The approach adopted by this work shows the utility of a sociology of institutions that is attentive to the mobilisations and corporate strategies of local councillors who are attached to the territories in which they are elected (in this case, communes). In general, this approach reveals the limits of territorial reforms, which, far from representing a proactive “big bang”, instead resemble adjustments on the margins of the existing institutional order. The authors’ conclusion is therefore that local politics has been “confiscated” by elected officials who act with increasing independence with regard to the citizens they represent. But could this criticism be turned around? Adopting an approach that focuses on local political elites and considers them in a uniform fashion will necessarily bring the actions of these elites to the fore. This approach consequently neglects other aspects of intercommunal operation.

First of all, elected officials (even mayors) have unequal resources at their disposal, are restricted by a hierarchical structure, and are subject to multiple party-political constraints (coalition agreements, campaign promises, the importance of a given commune within an urban area, etc.). As a result, their behaviour within intercommunal structures is not necessarily of an unequivocally rational nature. In this regard, we might question whether the intercommunalities covering large urban areas can be considered in the same way as those covering groups of small rural communes.

Second, local councillors today have to deal with powerful intercommunal administrations and major partners (large private urban services groups, property developers, major financial groups, etc.) that possess the necessary expertise and know-how to define policy at the scale of entire urban areas.
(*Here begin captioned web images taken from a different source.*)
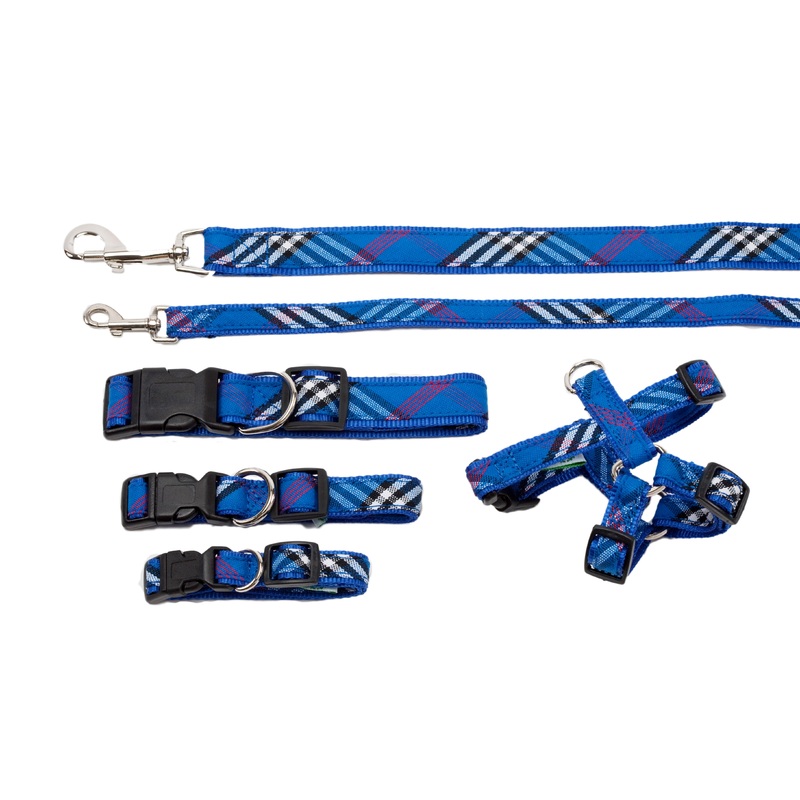 Signature Plaid Collection - Dog Collars, Harnesses & Leads - Blue Plaid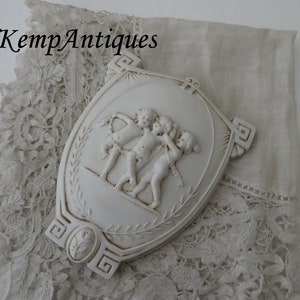 Old porcelain plaque for the collector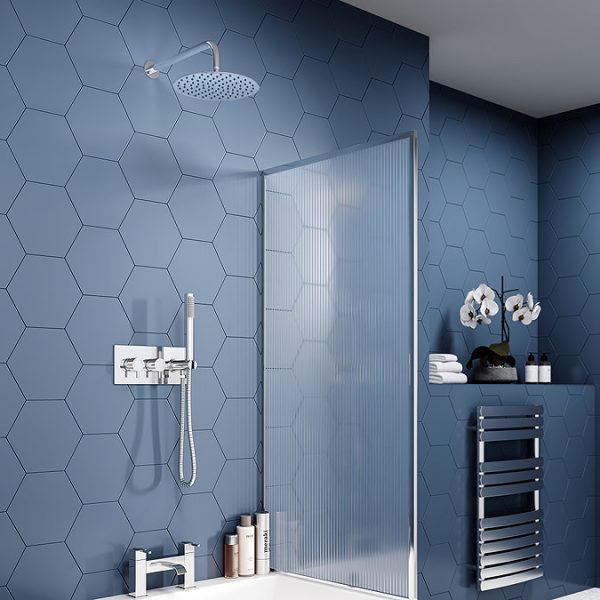 Cruze Round Wall Mounted Thermostatic Shower Valve with Handset + 300mm Fixed Shower Head - Image 5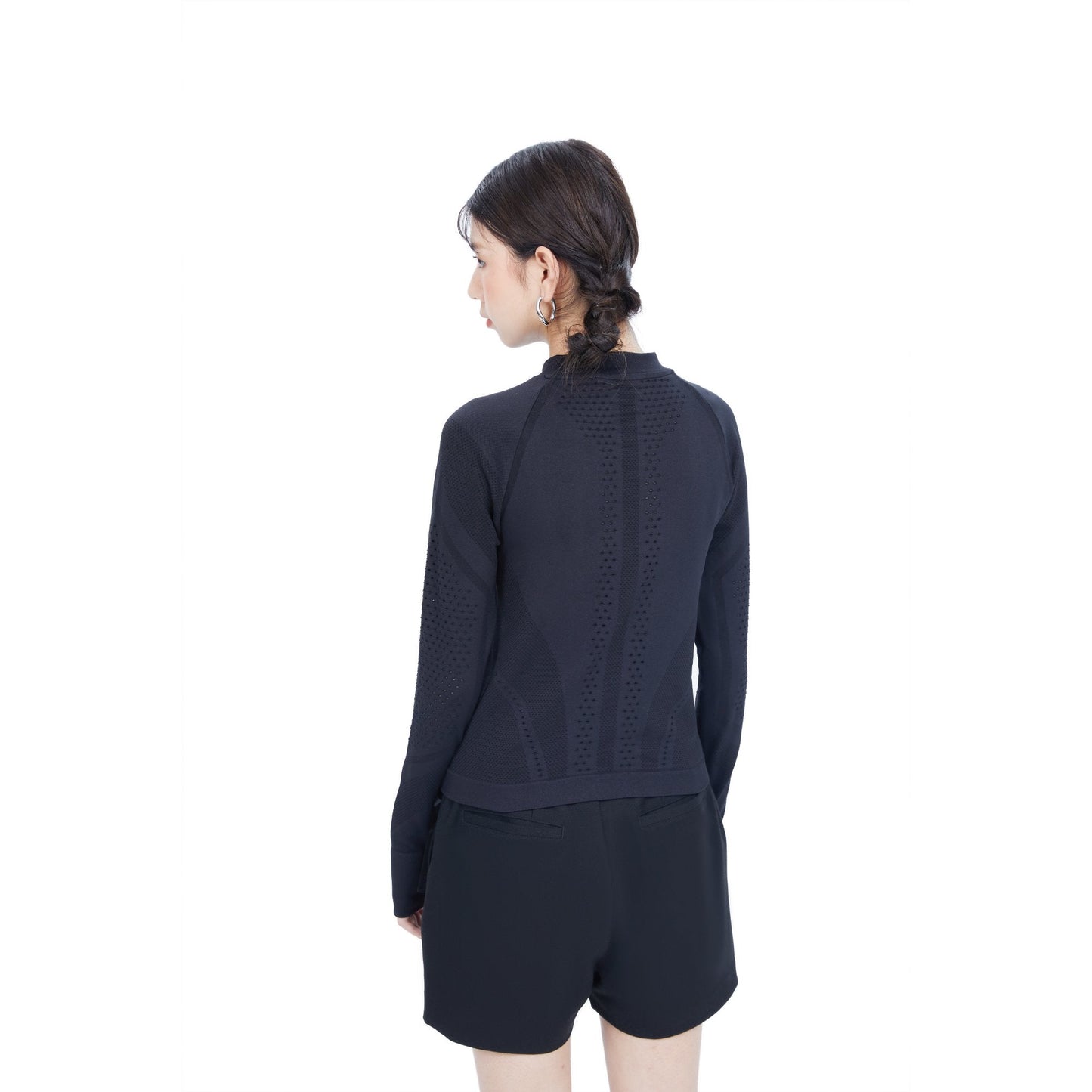 Women Santoni Seamless Top - Black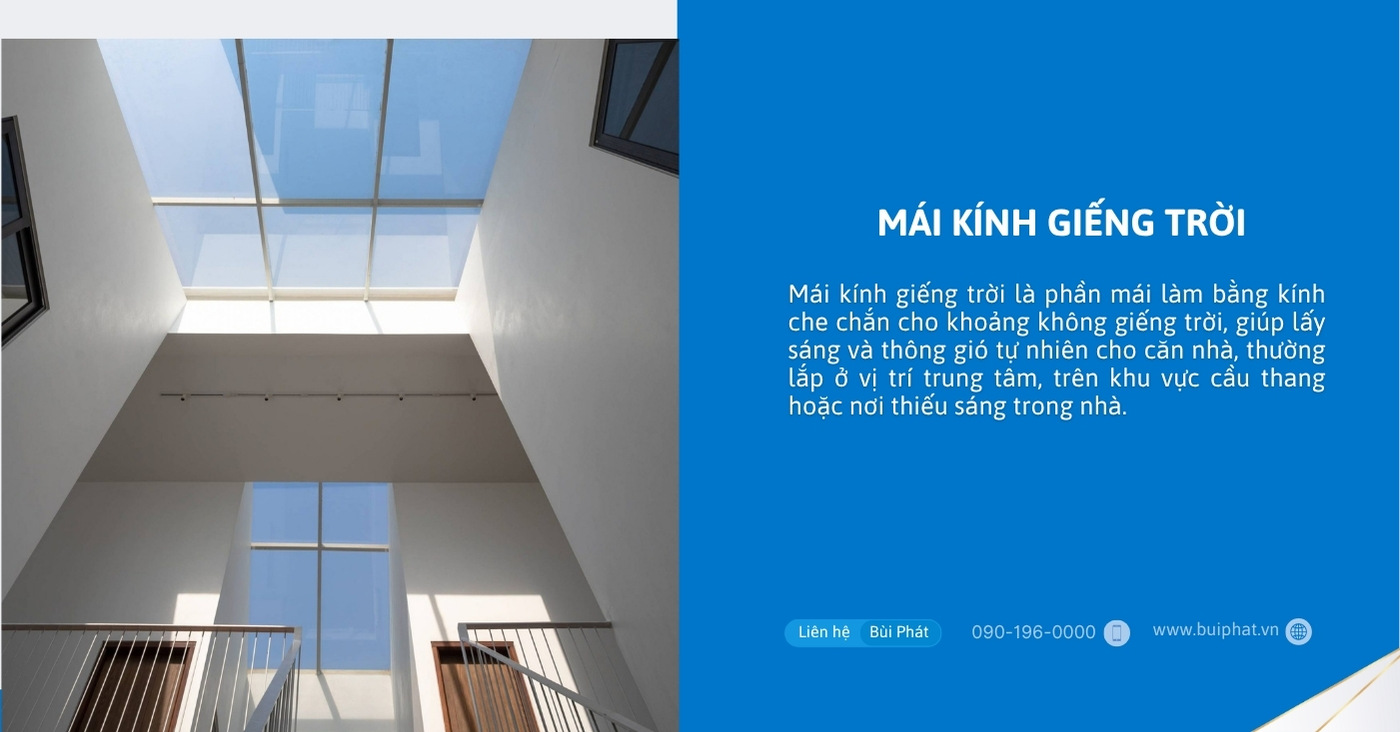 Mái kính giếng trời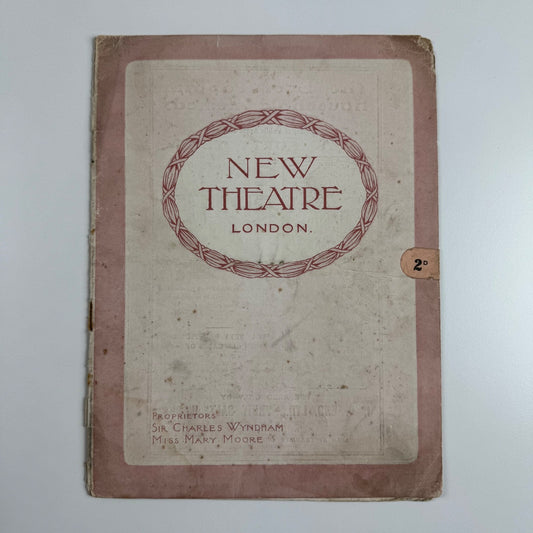 Programme New Theatre ‘The Riddle’ by Anthony Wharton & Morley Roberts 1916
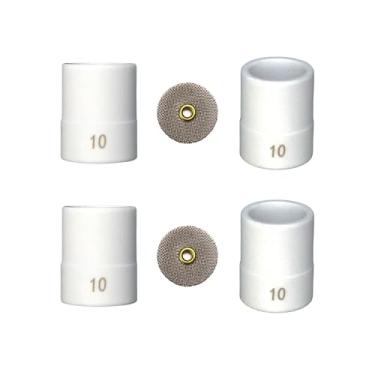 Imagem de Vaphy Copo de solda TIG branco #10 Ceramic (pacote com 4)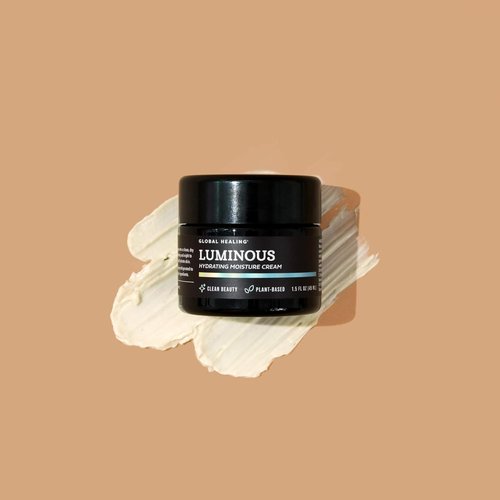 Global Healing Luminous - Premium Luxury Face Moisturizer Cream - Antioxidant Hydration for All Skin Types - 1.7 Oz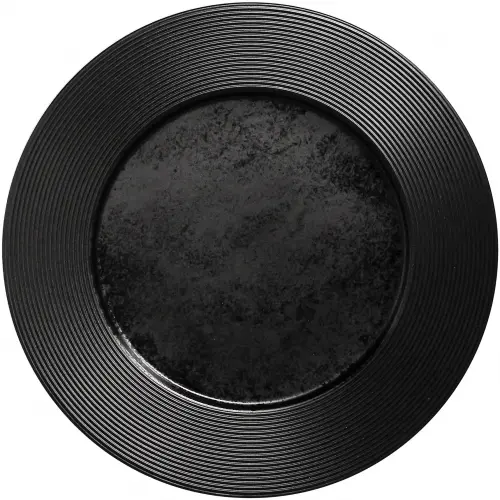 KARBON Talerz płaski EDGE 27 cm czarny / RAK PORCELAIN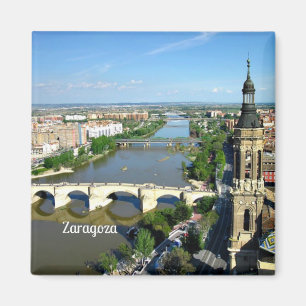 Saragossa, Aragon, Spanien Magnet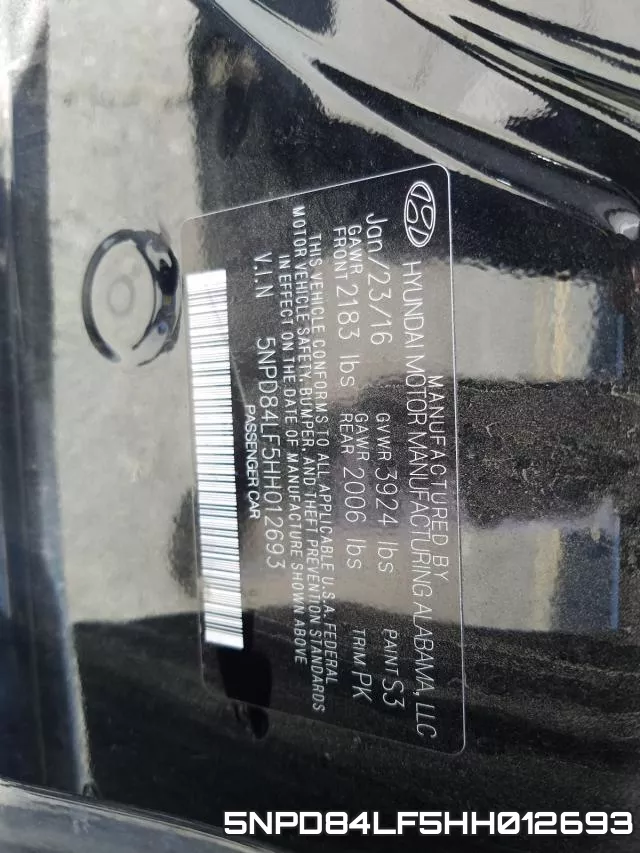 5NPD84LF5HH012693 фото 2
The hypothesis that holds that effective intercommunal redistribution policies are not possible – defended by the authors – perhaps therefore needs to be adjusted according to specific areas of intervention; constraints and opportunities are not the same everywhere. Certain sectors, no doubt less visible and less politically advantageous (such as environmental and economic issues) than others (such as urban planning and highways), may escape the process of compromises between communes.

Third, and finally, the debate on intercommunality does, in some circumstances, extend beyond the sphere of local politicians and senior civil servants and can concern various segments of society, first and foremost the economic circles directly affected by changes in scale of public action. For instance, the new status of “métropole” (“metropolis”) that was created for the largest urban areas by the territorial reform act of 16 December 2010 may have aroused strong opposition among local councillors, but it was more warmly received by business and developers. Although, ultimately, the territorial reform act has hardly vindicated these latter groups, the controversy provoked at the time enabled them to advance their “metropolitan cause”, namely a call to increase the resources and powers available to France’s major conurbations in order to more effectively meet the demands of globalised territorial competition. This controversy also enabled the balance of compromise to be shifted, albeit modestly, by inciting councillors to take a stand on the question of governance on a metropolitan scale. This is illustrated by the discussions initiated in a number of regions regarding the emergence of “metropolitan hubs”, or by the recent evocation by prime minister Jean-Marc Ayrault of a “Marseille metropolis”. However, there is a long way to go between this and the situation where the metropolitan scale is considered a real and relevant public forum for debate – and that is unlikely to change as long as discussions on the subject are limited to a very small minority. The “confiscation” of territorial issues has a long future ahead of it – even if local councillors are not the only ones involved.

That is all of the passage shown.